I have a distance sensor on my arduino and depending on how close you are, the green arrow will be lite if your further away, yellow if your mid-ways, and red if your really close to it.

The total number:
of Green RGB's is: 53
of Yellow (red+green) RGB's is: 53
of RED RGB's is: 64 (takes 32 from green layout)

And your suggestion about grounding the middle pin is like so?

The Vf is as follows:
Red = 2.0
Green = 3.2
Blue = 3.2
Yellow = ???

David

 

OK, for the red portion, you'll need 150 Ohms
For green, you'll need 91 Ohms.
For blue, you'll need 91 Ohms.

 

OK, for the red portion, you'll need 150 Ohms
For green, you'll need 91 Ohms.
For blue, you'll need 91 Ohms.

Ok good to know. I put the resistor on the anode part of the LED, right? And i take it all these are 1/4W 5% Carbon Film?

Can i make the 91ohms into 1k? It seems to be easier to find: http://search.digikey.com/scripts/DkSearch/dksus.dll?Detail&name=CF14JT1K00TR-ND

And for the 150ohms: http://search.digikey.com/scripts/DkSearch/dksus.dll?Detail&name=CF14JT150KTR-ND

Can i solder all the negative leads together (as in, all that will only light up green) and connect that to my relay to turn on/off?

To produce the yellow do i just turn on the green and red relay for each of those LED's that need to be on?

David

 

Your RGB LEDs have a common anode. You connect the anode to the positive supply.
No, you can't connect the cathodes (what you are calling the negative leads) all together. Each cathode of each LED needs a resistor. I thought I spelled that out before?

This would have been somewhat easier if you had bought common cathode LEDs.
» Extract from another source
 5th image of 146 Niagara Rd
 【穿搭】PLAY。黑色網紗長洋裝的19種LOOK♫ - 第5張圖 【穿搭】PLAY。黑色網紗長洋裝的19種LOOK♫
My time is really limited at the moment, and I'm away from my regular computer, so this will need to wait until later on this afternoon.

 

Was the re-drawing correct?

Does not click when i apply ground and 5v to it....

David

 

The end of the relay with three pins; if you connect 5v across the two outer pins with nothing else connected, you should hear the relay click.

 

The end of the relay with three pins; if you connect 5v across the two outer pins with nothing else connected, you should hear the relay click.

Yes it does click with power on the top pin and negative on the bottom.

David

 

The 1N4004 may not switch fast enough to protect the NPN 2N2222 transistor. We had another poster with that problem just the other day. Use a 1N4148 or 1N914 diode instead.

The relay coil has ~70 Ohms resistance, so you'll need ~70mA current flow through the collector of the transistor to turn it on, and 7mA current flowing through the base.

Let's calculate the base resistor. You said you're using 5v for your Arduino.
Rbase ~= (Vcc-Vbe) / (Ic / 10) = (5-0.7) / (70mA/10) = 4.3/0.007 = 614 Ohms.
You're a bit high with that 1k Ohm resistor.
Here's a standard decade table of resistor values: http://www.logwell.com/tech/components/resistor_values.html
620 Ohms is the closest standard value in the E24 range. You could also use 560 Ohms.

 

The 1N4004 may not switch fast enough to protect the NPN 2N2222 transistor. We had another poster with that problem just the other day. Use a 1N4148 or 1N914 diode instead.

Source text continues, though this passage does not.